SOURCE DATA below:

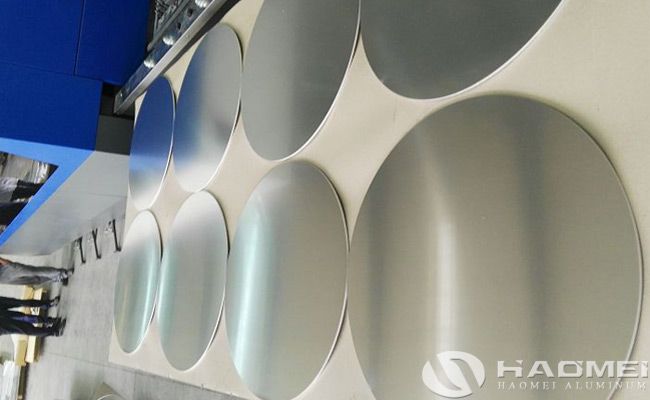 Aluminum wafer price on the market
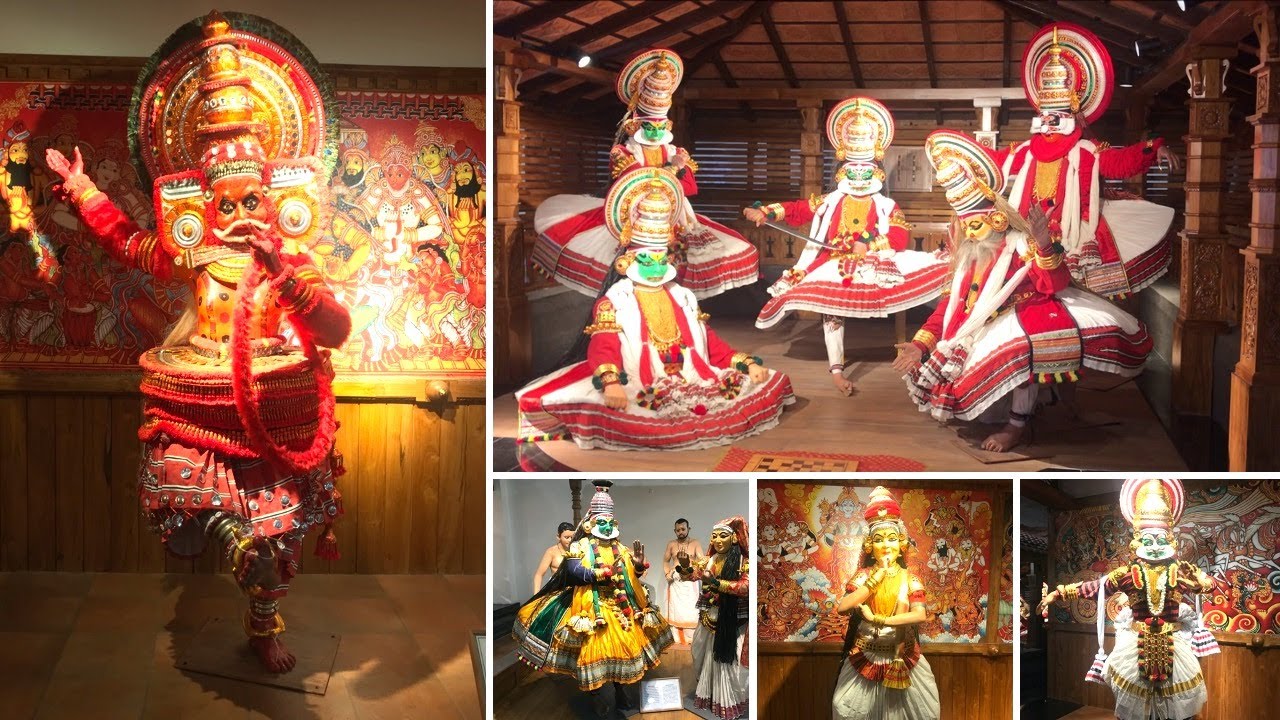 Kerala Art and Culture at Cochin International Airport I Traditional Dance Forms of Kerala I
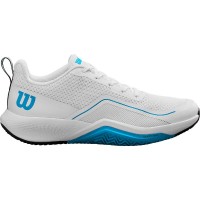 Tênis Wilson Rush Pro Lite OZ Branco Azul  Oferta + Barato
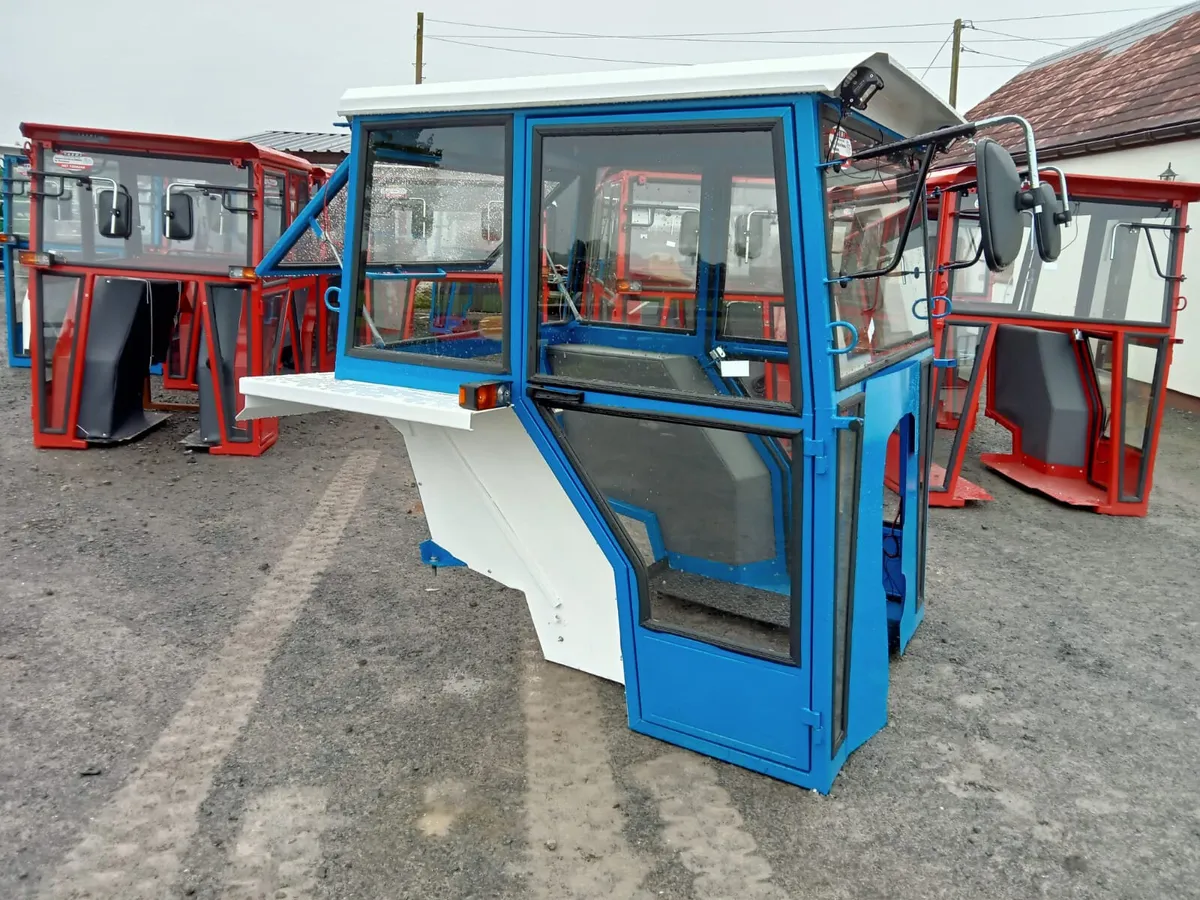 NEW CAB  MF FORD - Image 1
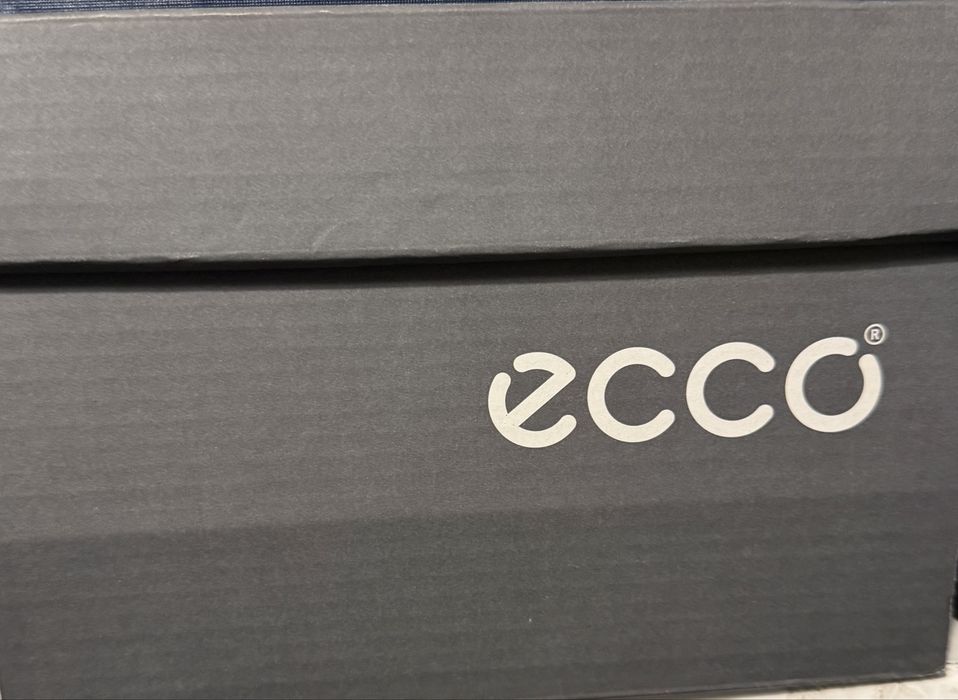 Туфли черные Ессo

End of SOURCE DATA.

▶ _TASK GOAL_
When you repeat the data, keep it exact and drop every picture.

▶ _ANSWER TO THE EXERCISE_
 Aluminum wafer price on the market
 Kerala Art and Culture at Cochin International Airport I Traditional Dance Forms of Kerala I
 Tênis Wilson Rush Pro Lite OZ Branco Azul  Oferta + Barato
 NEW CAB  MF FORD - Image 1
 Туфли черные Ессo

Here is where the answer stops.